むしろ、驚かされたのは、シリアに関するくだりである。オバマ大統領は、シリアが化学兵器の廃棄・解体に同意したことについて、「力を裏付けとした米国の外交のゆえである」と述べた。しかし、オバマ政権のシリア政策が支離滅裂であるのは周知の事実である。反乱軍を支援するため空爆すると一旦表明した直後に、法的に全く必要でない議会の承認を得ると言いだして、結局取りやめた。そして、ロシアの調停案に飛びついた結果、ロシア主導で、化学兵器の廃棄・解体という妥協案が成ったのである。その化学兵器の廃棄・解体も、前途は必ずしも万全とは言い切れない。これを「米国の力の裏付けに基づいた外交の成果」などと言うのは、オバマ政権の、現実認識能力の著しい欠如、無能力でなければ、不誠実極まりない牽強付会であると言わざるを得ない。これは、オバマ政権の外交姿勢をよく表している。
保守の立場から定期的に「ワシントン・ポスト」のブログに寄稿しているジェニファー・ルービン女史は、オバマは「カーター大統領を上回る最悪の最高司令官」であり「史上最も真摯でない最高司令官」である、と1月29日付の同紙ブログで酷評しているが、言い得て妙である。こういうオバマの米国に、あと3年近くは付き合わなければならない。これは、言うまでもなく、世界の秩序にとって大きなマイナスであるが、他の現状維持を是とする国々が協力して補っていく他ない。我が国が果たすべき役割はそれだけ大きく、他方、チャンスも大きいと言える。安倍総理の言う「積極平和主義」、「地球儀俯瞰外交」が、いよいよ価値を持ってくる。
もちろん、我が国には、世界秩序の維持において、米国の代わりを務める能力はないが、少なくとも、アジア太平洋においては大きな役割を果たし得る。国際的法の支配に基づく海洋安全保障を追求するために、有志国と協力を深めるべきである。地域の主要民主主義国である印、豪、またASEAN諸国との連携強化をさらに促進する必要がある。この際、武器輸出三原則の見直しが急務である。武器および武器技術の貿易は、外交安全保障政策の重要なツールだからである。

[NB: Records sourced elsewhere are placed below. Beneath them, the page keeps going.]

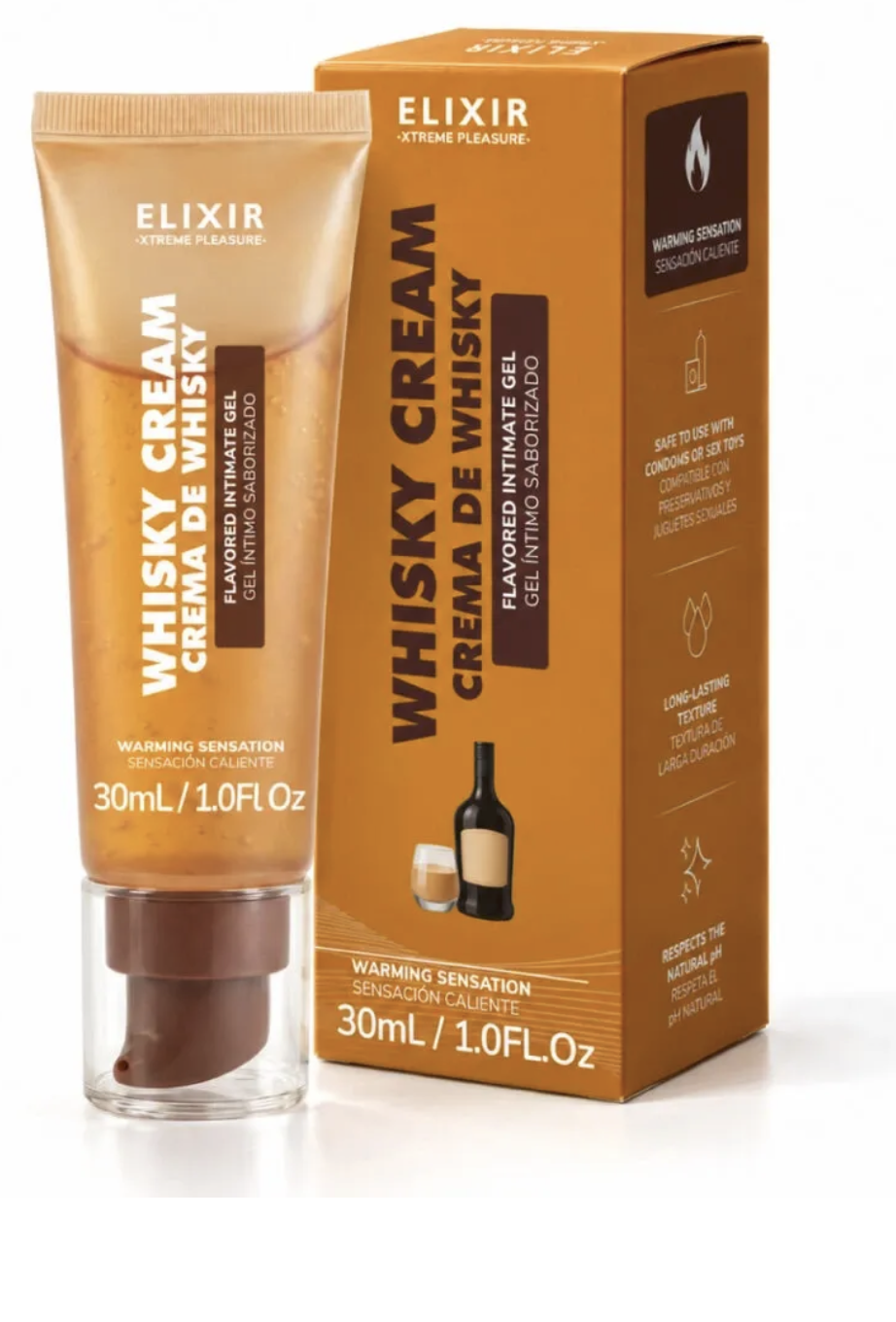 Lubricante sabor crema de whisky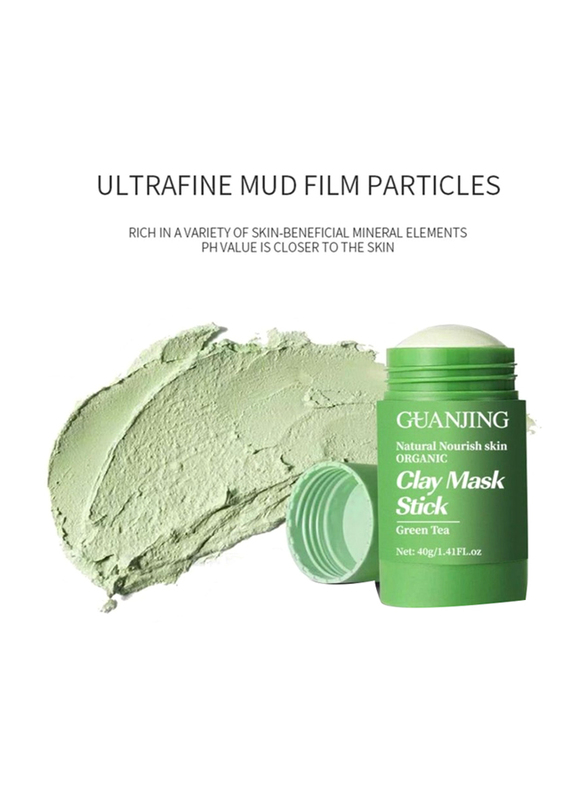 Guanjing Green Tea Clay Mask + Bamboo Charcoal Clay Mask, 80g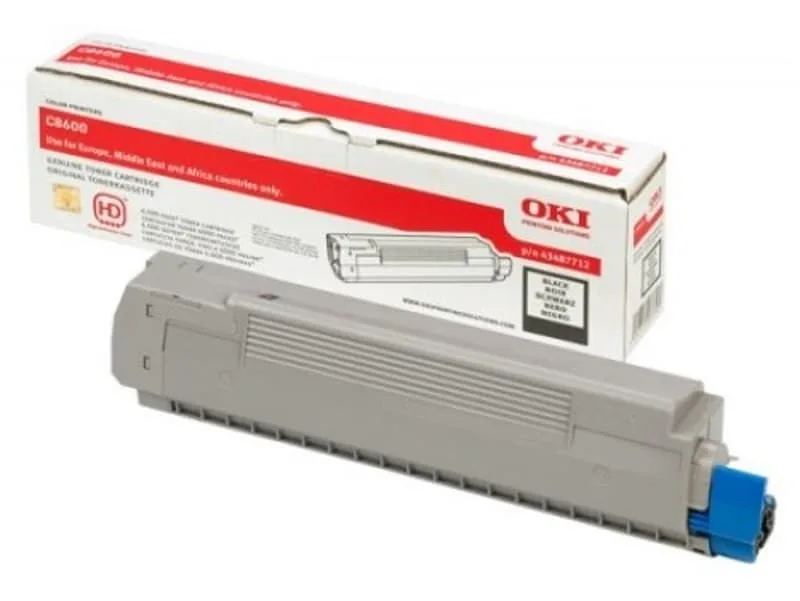 OKI C8600/C8800, 6000 sidor, Gul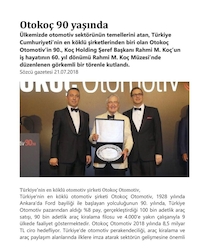 Otokoç 90 Yaşında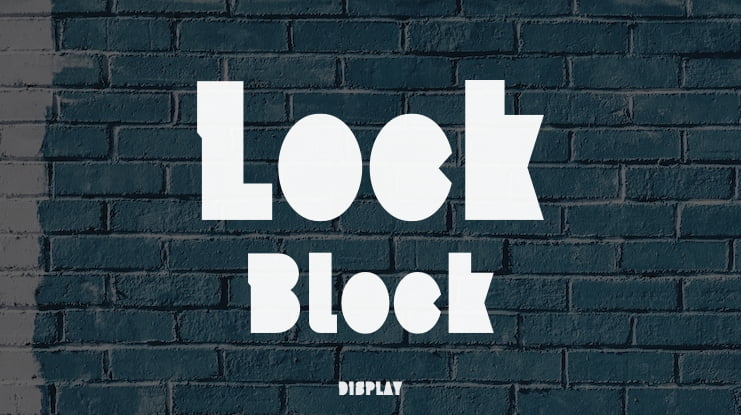 Lock Block Font Family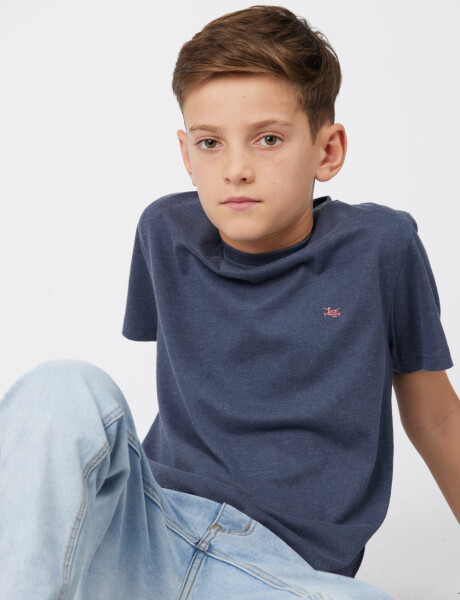 REMERA BÁSICA DE ALGODÓN Denim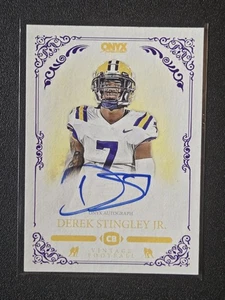 2022 Onyx Vintage π Derek Stingley Jr #VADS Blue RC Auto LSU Houston Texans - Picture 1 of 3
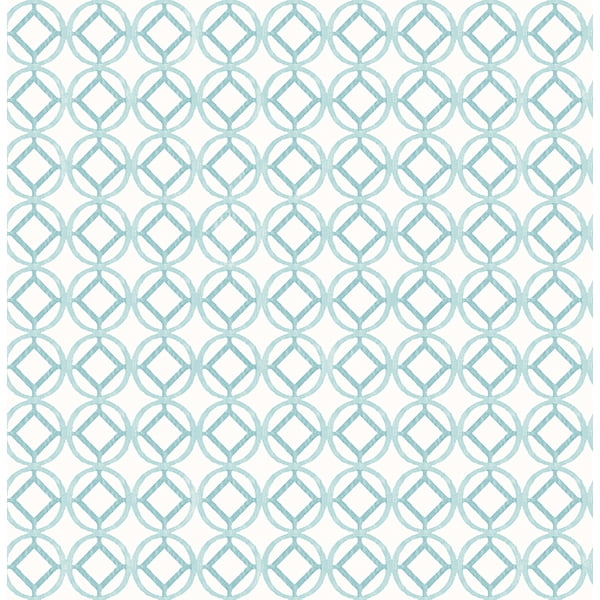 A-Street Prints Star Bay Aqua Geometric Wallpaper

安倍総理は、武器輸出三原則に代わる新しい武器輸出ガイドラインを策定する、と言っている。また、集団的自衛権の行使容認も不可欠である。着実にそれらを進めることが、強く期待される。日米同盟の深化も、オバマ政権の姿勢に関わらず、実務者レベルでは進展するであろうし、そうしなければならない。これらは、現在必要であるだけでなく、オバマ政権が去った後、米国にもっと望ましい政権ができた際に、日米関係を大きく進展させる財産になるであろう。